* WHAT IS NEEDED *
Would you go through the records below and copy each line with the string "Sale"?

[[ EXERCISE INPUT open ]]

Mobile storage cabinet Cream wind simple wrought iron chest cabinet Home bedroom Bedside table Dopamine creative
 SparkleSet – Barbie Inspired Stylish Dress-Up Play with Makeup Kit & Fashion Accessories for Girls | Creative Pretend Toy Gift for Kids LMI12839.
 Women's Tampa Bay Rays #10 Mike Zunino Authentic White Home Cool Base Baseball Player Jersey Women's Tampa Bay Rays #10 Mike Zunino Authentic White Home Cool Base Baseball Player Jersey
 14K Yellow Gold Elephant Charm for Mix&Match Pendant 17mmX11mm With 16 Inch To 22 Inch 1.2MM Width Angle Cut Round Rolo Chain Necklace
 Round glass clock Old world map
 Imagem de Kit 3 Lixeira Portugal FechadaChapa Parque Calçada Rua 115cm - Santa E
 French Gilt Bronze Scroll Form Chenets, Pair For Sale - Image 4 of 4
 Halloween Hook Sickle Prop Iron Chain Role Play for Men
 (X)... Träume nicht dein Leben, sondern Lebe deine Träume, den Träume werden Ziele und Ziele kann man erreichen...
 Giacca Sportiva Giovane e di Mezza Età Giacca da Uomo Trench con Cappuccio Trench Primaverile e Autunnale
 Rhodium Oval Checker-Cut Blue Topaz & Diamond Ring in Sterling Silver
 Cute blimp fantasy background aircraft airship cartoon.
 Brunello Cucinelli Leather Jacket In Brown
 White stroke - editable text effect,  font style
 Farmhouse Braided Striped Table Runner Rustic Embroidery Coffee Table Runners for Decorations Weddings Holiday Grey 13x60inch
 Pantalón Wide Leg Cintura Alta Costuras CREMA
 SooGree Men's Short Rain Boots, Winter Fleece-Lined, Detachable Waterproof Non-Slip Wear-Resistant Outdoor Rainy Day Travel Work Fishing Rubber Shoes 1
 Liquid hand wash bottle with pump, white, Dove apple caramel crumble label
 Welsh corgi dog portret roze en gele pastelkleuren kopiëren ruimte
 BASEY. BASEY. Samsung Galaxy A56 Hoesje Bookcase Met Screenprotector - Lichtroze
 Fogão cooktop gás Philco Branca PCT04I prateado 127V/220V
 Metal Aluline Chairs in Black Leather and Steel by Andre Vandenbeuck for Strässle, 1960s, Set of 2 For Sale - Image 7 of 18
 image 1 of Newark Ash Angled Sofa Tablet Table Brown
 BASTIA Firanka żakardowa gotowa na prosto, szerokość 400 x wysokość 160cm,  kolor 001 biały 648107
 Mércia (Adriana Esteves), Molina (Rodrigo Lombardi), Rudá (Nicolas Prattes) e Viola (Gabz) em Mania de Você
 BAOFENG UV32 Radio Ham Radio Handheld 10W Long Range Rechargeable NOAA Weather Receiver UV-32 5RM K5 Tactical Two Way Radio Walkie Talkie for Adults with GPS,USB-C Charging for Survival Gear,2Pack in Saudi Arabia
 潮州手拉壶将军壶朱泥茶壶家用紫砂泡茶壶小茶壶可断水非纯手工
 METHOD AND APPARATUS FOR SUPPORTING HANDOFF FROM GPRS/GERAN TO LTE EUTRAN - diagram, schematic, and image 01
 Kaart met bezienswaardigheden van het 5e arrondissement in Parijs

[[ EXERCISE INPUT closed ]]

* RESPONSE TO THE TASK *
 French Gilt Bronze Scroll Form Chenets, Pair For Sale - Image 4 of 4
 Metal Aluline Chairs in Black Leather and Steel by Andre Vandenbeuck for Strässle, 1960s, Set of 2 For Sale - Image 7 of 18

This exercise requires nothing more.